The company claims it can deliver ready-to-use training datasets within hours to its customers — customers including the Toyota Research Institute, Google, Continental and Woven Planet.
“Clients can go into the simulated world and make things happen or pull data from that world,” McNamara said. “We have buttons for different types of asset classes and scenarios that can happen, as well as ways for customers to plug in their own logic for what they see, where they see it, and how those things behave.”
Then customers need a way to pull data from that world into the configuration that fits their configuration, he explained.
“With our sensor configuration tools and label configuration tools, we can replicate the exact camera settings or the exact lidar and radar and label settings that a customer would see,” he said.
Synthetic data, generative AI
Not only is synthetic data useful for AI and ML model training, it can also be applied to accelerate generative AI – an already growing use of the technology – even faster.
Parallel Domain looks to the field as the company enters 2023 with fresh capital. It hopes to multiply the data generative AI needs to train so it can become an even more powerful tool for content creation. The R&D team focuses on the variety and detail in the synthetic data simulations it can provide.

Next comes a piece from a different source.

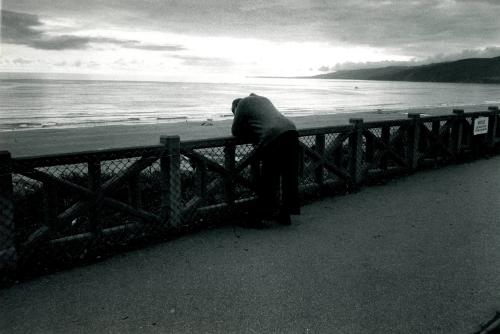 Man leaning on railing at beach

“I’m excited about generative AI in our space,” McNamara said. “We are not here to create an artistic interpretation of the world. We are here to actually create a digital cousin of the world. I think generative AI is very powerful in looking at sample images from around the world, then pulling those in and creating interesting examples and new information in synthetic data. Therefore, generative AI will be a big part of the technological advancements we invest in in the coming year.”

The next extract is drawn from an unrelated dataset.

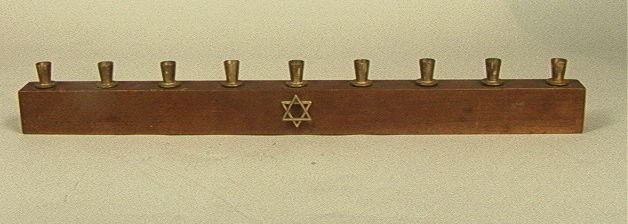 Phil Powell Walnut and Brass Menorah. Shows wear.: Phil Powell Walnut and Brass Menorah. Shows wear.-- Dimensions: H: 2.5 inches: W: 20 inches: D: 1.25 inches --- Please contact us with specific questions about condition, not visible in the photos. --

The value of synthetic data is not limited to AI. Also, given the sheer amount of data required to create realistic virtual environments, it’s the only practical approach to moving the metaverse forward.
Parallel Domain is part of the fast-growing synthetic data startup sector, which Crunchbase previously reported will see a streak of funding. Datagen, Gretel AI and Mostly AI are some of its competitors that also raised several million in the past year.
VentureBeat’s mission is to become a digital city plaza where tech decision makers can learn about transformative business technology and execute transactions. Discover our Briefings.